▸ **TASK OBJECTIVE**
The result should be the lines from the one holding "Ann-Margret #256 (Vintage" to the final line of the records, retyped exactly.

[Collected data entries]
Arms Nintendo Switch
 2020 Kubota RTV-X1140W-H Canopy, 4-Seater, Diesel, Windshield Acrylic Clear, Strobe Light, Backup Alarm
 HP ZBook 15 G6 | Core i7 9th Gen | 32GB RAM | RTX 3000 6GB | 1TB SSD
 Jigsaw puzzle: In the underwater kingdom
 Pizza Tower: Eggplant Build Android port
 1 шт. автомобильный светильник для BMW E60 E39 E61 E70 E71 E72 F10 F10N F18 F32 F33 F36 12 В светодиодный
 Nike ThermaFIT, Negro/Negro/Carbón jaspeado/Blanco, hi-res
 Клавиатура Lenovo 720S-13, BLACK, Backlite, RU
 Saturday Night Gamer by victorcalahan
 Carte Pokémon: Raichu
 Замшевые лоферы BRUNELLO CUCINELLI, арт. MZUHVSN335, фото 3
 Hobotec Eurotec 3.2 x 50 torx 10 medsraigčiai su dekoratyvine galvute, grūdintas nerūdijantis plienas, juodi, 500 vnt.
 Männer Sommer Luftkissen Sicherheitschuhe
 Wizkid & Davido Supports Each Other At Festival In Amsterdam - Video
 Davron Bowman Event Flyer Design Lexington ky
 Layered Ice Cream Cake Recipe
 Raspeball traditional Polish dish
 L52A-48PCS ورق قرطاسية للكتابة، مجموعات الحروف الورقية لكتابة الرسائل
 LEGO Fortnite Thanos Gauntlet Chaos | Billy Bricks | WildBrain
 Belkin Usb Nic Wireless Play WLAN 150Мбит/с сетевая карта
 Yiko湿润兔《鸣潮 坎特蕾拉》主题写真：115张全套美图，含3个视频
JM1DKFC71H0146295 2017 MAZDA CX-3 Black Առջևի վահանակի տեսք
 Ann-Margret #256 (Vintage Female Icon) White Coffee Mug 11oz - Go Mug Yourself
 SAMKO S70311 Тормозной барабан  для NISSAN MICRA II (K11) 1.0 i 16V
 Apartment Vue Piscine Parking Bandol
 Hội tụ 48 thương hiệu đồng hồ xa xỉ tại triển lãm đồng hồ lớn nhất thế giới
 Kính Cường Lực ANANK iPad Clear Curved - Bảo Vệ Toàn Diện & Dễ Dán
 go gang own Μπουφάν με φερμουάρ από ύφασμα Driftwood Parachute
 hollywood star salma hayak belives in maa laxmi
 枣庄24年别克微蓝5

▸ **ANSWER TO THIS EXERCISE**
 Ann-Margret #256 (Vintage Female Icon) White Coffee Mug 11oz - Go Mug Yourself
 SAMKO S70311 Тормозной барабан  для NISSAN MICRA II (K11) 1.0 i 16V
 Apartment Vue Piscine Parking Bandol
 Hội tụ 48 thương hiệu đồng hồ xa xỉ tại triển lãm đồng hồ lớn nhất thế giới
 Kính Cường Lực ANANK iPad Clear Curved - Bảo Vệ Toàn Diện & Dễ Dán
 go gang own Μπουφάν με φερμουάρ από ύφασμα Driftwood Parachute
 hollywood star salma hayak belives in maa laxmi
 枣庄24年别克微蓝5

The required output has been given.